The little tin shed between the Sign writers’ Shop and the back of the Barracks Building became a general storehouse for the Society after all our various bits and pieces (and there were a lot of them) had to be shifted from the cupboards in the Personnel Building. Racks and racks of books, magazines, old pictures and historic photographs had to be sorted and sifted, and collected when needed.
During those early formative years, we had meetings all over the place; Johnnie’s in Grosvenor Street in the City was a favourite spot; a grand old building, full of Naval history.

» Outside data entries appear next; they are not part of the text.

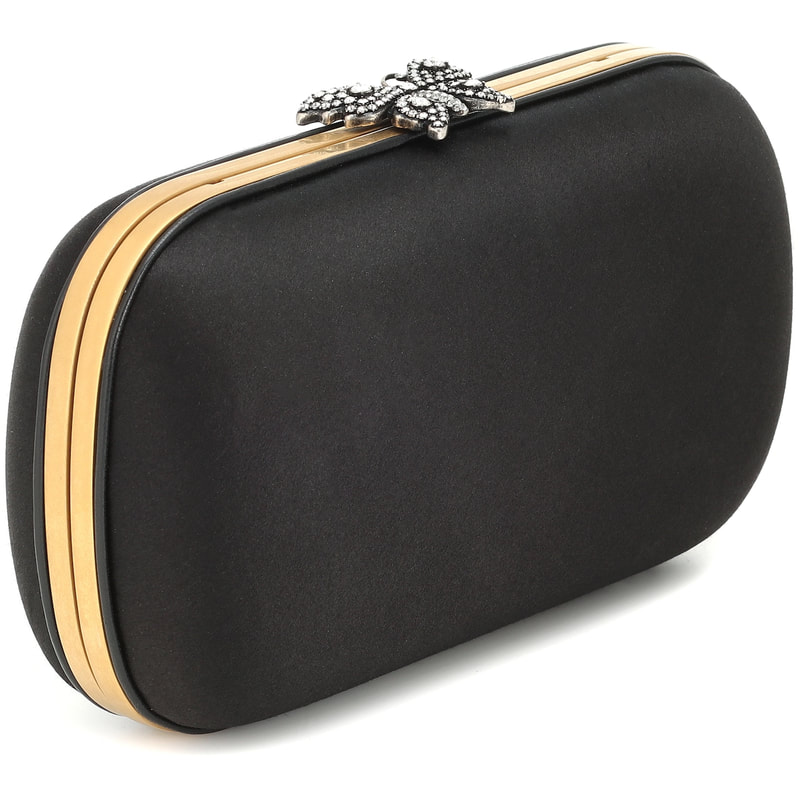 Gucci 'Broadway' Butterfly Embellished Black Satin Clutch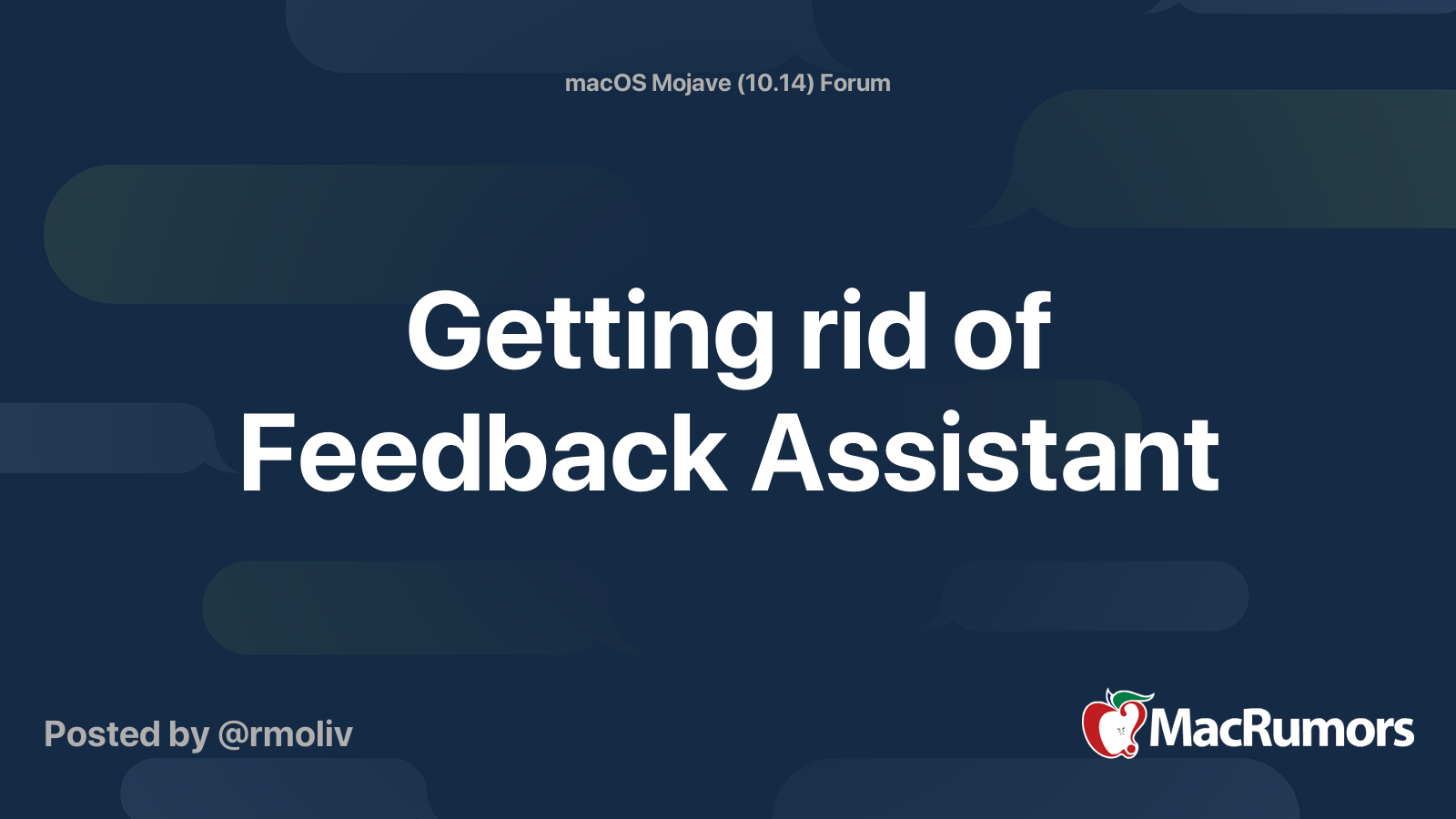Getting Rid Of Feedback Assistant Macrumors Forums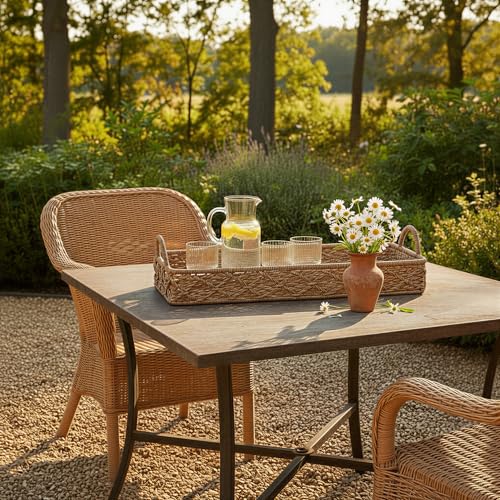 Creative Co-Op Bankuan Rope Diamond Weave Tray with Handles - size: 32" x 13" x 4"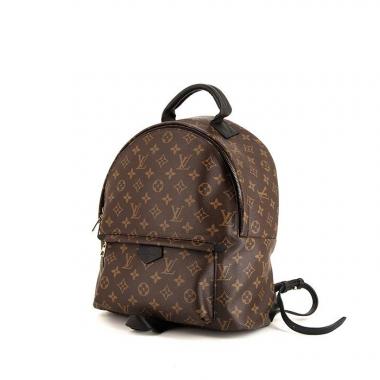 Sac à dos Louis Vuitton Palm Springs Backpack grand modèle en toile monogram marron et cuir noir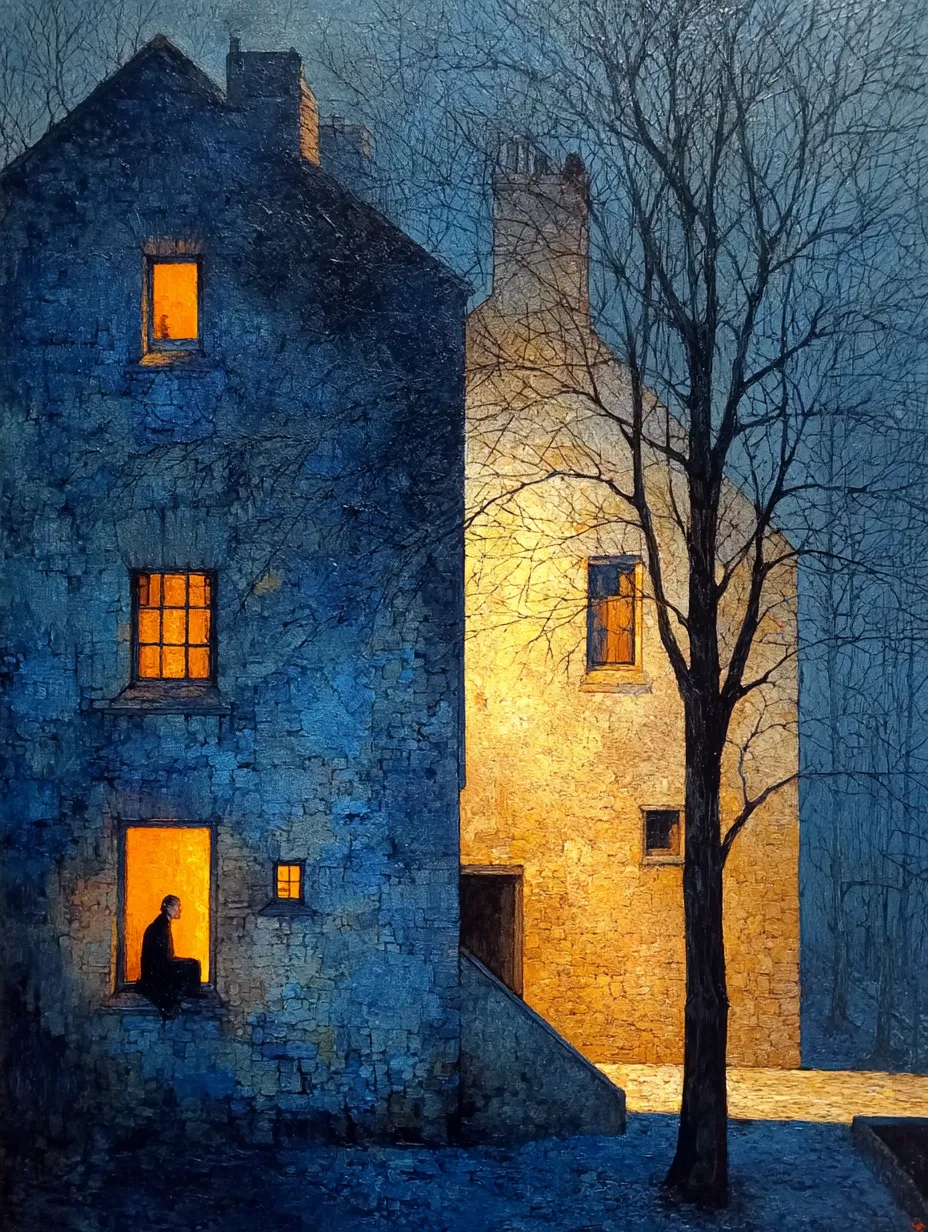 A stone house at night seen from a dark garden, several windows lit warm gold against cold blue walls, a seated figure in the lowest window and a bare tree alongside.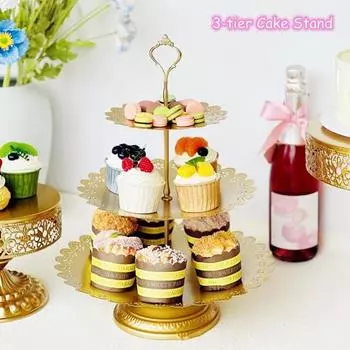 3-х уровневая стойка для кексов башня стойка для демонстрации десертов устойчивая большая емкость простая сборка золотистый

We used to tote around an amplifier and a couple of loudspeakers, with miles of wire so they could be mounted in the most suitable position. One particular occasion I remember was the launching of Lew’s book on PARRAMATTA; he had invited RADM Doyle, who was her Engineer Officer in 1914; it was indeed an honour to meet him. The launch was made by Commodore ‘Red’ Merson.
We had one wonderful evening onboard MELBOURNE, and we got Austin Frauenfelder to come with us – he was a flying instructor before the formation of the RFC, and that’s a long time ago; he used to discourage his pupils from flying over the sea, as “they might get their feet wet”. He was one of the very few men who had actually flown the very aircraft in which Bleriot crossed the Channel on 25 July 1909. It was a 25-HP plane, of his own design, and the story goes that only because it was raining at the time did the engine keep cool enough on the way over.
The whole story of the Naval Historical Society is one of great credit to Lew Lind, the founder, first President and father of the Society which has gone from strength to strength since that first day in the classroom by the Post Office.